# DIRECTIONS:
In this exercise, the entries below include pictures. Repeat exactly the lines from the line with "This has been" to the line with "Hello everyone, welcome", including both, but without the pictures.

# EXCERPTED DATA:
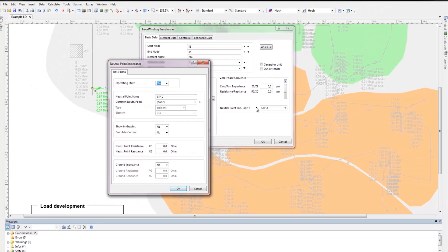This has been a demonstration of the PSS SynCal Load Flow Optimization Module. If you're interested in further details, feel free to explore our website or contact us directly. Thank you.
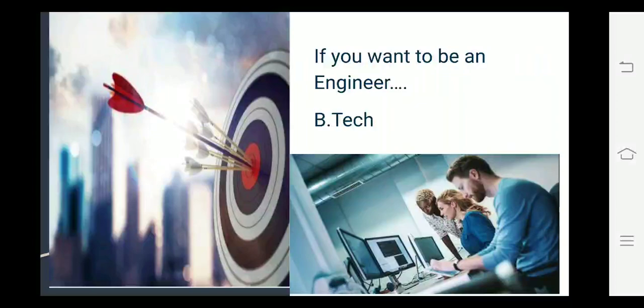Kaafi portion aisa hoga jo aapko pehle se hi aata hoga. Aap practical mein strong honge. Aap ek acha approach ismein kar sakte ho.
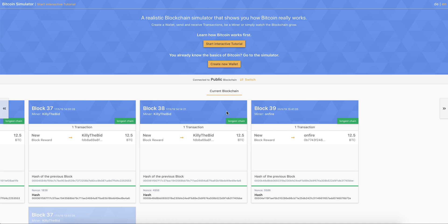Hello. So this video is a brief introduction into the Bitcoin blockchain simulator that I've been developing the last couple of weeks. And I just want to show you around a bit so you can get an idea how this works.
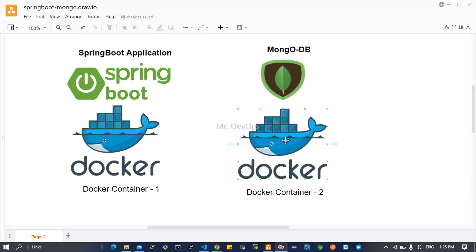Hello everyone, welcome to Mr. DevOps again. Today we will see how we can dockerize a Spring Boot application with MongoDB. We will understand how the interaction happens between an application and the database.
---
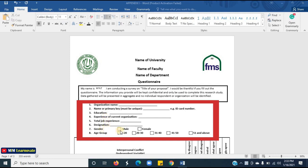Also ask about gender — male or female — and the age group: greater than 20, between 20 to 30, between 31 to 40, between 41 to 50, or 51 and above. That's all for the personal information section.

# TASK ANSWER:
This has been a demonstration of the PSS SynCal Load Flow Optimization Module. If you're interested in further details, feel free to explore our website or contact us directly. Thank you.
Kaafi portion aisa hoga jo aapko pehle se hi aata hoga. Aap practical mein strong honge. Aap ek acha approach ismein kar sakte ho.
Hello. So this video is a brief introduction into the Bitcoin blockchain simulator that I've been developing the last couple of weeks. And I just want to show you around a bit so you can get an idea how this works.
Hello everyone, welcome to Mr. DevOps again. Today we will see how we can dockerize a Spring Boot application with MongoDB. We will understand how the interaction happens between an application and the database.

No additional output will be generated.